[Libguestfs] [PATCH] RFC: OCaml tools: add and use a Getopt module
Pino Toscano
ptoscano at redhat.com
Mon Jul 11 15:57:43 UTC 2016
On Monday, 27 June 2016 15:42:46 CEST Richard W.M. Jones wrote:
> On Fri, Jun 24, 2016 at 05:42:37PM +0200, Pino Toscano wrote:
> > Add a new Getopt module to mllib, to parse command line arguments with
> > handlers close to the ones used with Arg, but using getopt(3) (actually
> > getopt_long_only) to do the real parsing. This allow us to provide
> > options for OCaml tools with a syntax similar to the C tools, and use
> > the additional features getopt offers and Arg does not.
> >
> > Do a single-step conversion of Common_utils and all the OCaml tools to
> > the syntax of Getopt.
> >
> > As side-change due to the conversion, extra arguments for sysprep
> > operation can have more keys for the same argument.
>
> In general terms, it's a very good change which really improves the
> tools.
>
> I have a few fairly minor issues below. ACK if you can clean all of
> those up.
[...]
> > diff --git a/mllib/getopt-c.c b/mllib/getopt-c.c
> > new file mode 100644
> > index 0000000..d44448f
> > --- /dev/null
> > +++ b/mllib/getopt-c.c
> > @@ -0,0 +1,398 @@
>
> > +value
> > +guestfs_int_mllib_getopt_parse (value argsv, value specsv, value anon_funv, value usage_msgv)
>
> I'm not convinced that this function is safe against OCaml GC compaction.
>
> In particular there are problems such as:
>
> ...
> > + for (j = 0; j < len; ++j) {
> > + const char *key = String_val (Field (keysv, j));
>
> key now points to a string on the OCaml heap, and then ...
>
> > + if (newopts == NULL)
> > + caml_raise_out_of_memory ();
> > + longopts = newopts;
> > + longopts[longopts_len].name = key;
>
> the same pointer is copied to longopts, but ...
>
> > + case 0: /* Unit of (unit -> unit) */
> > + do_call1 (Field (actionv, 0), Val_unit);
>
> At this point you're calling an OCaml function which is likely to
> allocate, and could therefore call the GC, and could therefore compact
> the heap, which would move that string around, and make your pointer
> invalid. (You could try adding `Gc.compact ()' to one of these
> callback functions -- I'm fairly sure at least some of the time you
> could get a segfault, and if not, valgrind wouldn't be happy).
I see, it fails that way indeed.

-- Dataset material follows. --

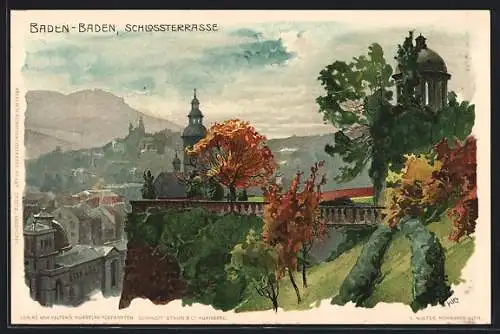 Künstler-AK Heinrich Kley: Baden-Baden, Schlossterrasse mit herbstlichem Laub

Fixed it by:
- copying long option strings on the heap (with the ugly cast in
cleanup_option_list, but almost unavoidable)
- making sure that operations that trigger allocations are executed
one-by-one (i.e. caml_copy_string out of direct function parameters,
etc)
> > +external getopt_parse : string array -> (c_keys * spec * doc) array -> ?anon_fun:anon_fun -> usage_msg -> unit = "guestfs_int_mllib_getopt_parse"
> > +
> > +let parse_argv argv specs ?anon_fun usage_msg =
>
> I feel this function could do some sanity checking on the inputs,
> especially the keys (but see my comment below). If the sanity check
> fails, it should either assert or failwith, but definitely not
> continue.
Moved the sanity checks in the OCaml part.
> > + let specs = specs @ [
> > + (* Handled internally by getopt_parse. *)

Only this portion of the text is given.